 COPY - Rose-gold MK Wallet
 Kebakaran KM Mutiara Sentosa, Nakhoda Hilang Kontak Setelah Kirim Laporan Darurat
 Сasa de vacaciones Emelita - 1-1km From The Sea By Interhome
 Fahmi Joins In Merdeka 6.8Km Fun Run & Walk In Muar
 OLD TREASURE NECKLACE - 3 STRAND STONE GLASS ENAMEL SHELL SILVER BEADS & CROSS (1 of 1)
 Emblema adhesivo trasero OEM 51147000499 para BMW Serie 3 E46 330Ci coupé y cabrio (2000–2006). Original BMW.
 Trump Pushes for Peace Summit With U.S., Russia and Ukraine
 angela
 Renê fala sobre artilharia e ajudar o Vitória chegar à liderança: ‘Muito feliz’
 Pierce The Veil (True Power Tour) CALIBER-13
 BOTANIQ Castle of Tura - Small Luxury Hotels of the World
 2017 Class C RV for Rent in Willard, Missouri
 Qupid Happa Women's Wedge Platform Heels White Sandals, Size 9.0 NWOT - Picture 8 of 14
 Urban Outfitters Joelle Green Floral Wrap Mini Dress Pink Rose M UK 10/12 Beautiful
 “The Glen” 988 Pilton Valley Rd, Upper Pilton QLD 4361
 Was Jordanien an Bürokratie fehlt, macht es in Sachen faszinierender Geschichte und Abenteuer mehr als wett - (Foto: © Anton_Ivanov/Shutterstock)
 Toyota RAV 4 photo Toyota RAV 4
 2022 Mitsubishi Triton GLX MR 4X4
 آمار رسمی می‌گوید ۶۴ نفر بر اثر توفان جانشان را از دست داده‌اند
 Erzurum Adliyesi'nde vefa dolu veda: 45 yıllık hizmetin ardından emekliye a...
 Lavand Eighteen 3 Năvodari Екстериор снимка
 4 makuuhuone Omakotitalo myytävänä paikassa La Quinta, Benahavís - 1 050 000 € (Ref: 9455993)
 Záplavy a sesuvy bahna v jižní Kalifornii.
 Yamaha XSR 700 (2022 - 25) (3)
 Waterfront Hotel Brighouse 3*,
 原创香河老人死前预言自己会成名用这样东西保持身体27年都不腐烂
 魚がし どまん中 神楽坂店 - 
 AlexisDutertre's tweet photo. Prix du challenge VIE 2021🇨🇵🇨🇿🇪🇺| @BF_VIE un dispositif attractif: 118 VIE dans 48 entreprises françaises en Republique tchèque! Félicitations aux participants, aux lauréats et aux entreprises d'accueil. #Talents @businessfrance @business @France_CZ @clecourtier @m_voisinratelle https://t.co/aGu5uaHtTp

◆ ◆ ◆

Repeat, character for character, the lines of the material above from the line with "Kebakaran KM Mutiara" through the line with "Urban Outfitters Joelle".

RESPONSE:
 Kebakaran KM Mutiara Sentosa, Nakhoda Hilang Kontak Setelah Kirim Laporan Darurat
 Сasa de vacaciones Emelita - 1-1km From The Sea By Interhome
 Fahmi Joins In Merdeka 6.8Km Fun Run & Walk In Muar
 OLD TREASURE NECKLACE - 3 STRAND STONE GLASS ENAMEL SHELL SILVER BEADS & CROSS (1 of 1)
 Emblema adhesivo trasero OEM 51147000499 para BMW Serie 3 E46 330Ci coupé y cabrio (2000–2006). Original BMW.
 Trump Pushes for Peace Summit With U.S., Russia and Ukraine
 angela
 Renê fala sobre artilharia e ajudar o Vitória chegar à liderança: ‘Muito feliz’
 Pierce The Veil (True Power Tour) CALIBER-13
 BOTANIQ Castle of Tura - Small Luxury Hotels of the World
 2017 Class C RV for Rent in Willard, Missouri
 Qupid Happa Women's Wedge Platform Heels White Sandals, Size 9.0 NWOT - Picture 8 of 14
 Urban Outfitters Joelle Green Floral Wrap Mini Dress Pink Rose M UK 10/12 Beautiful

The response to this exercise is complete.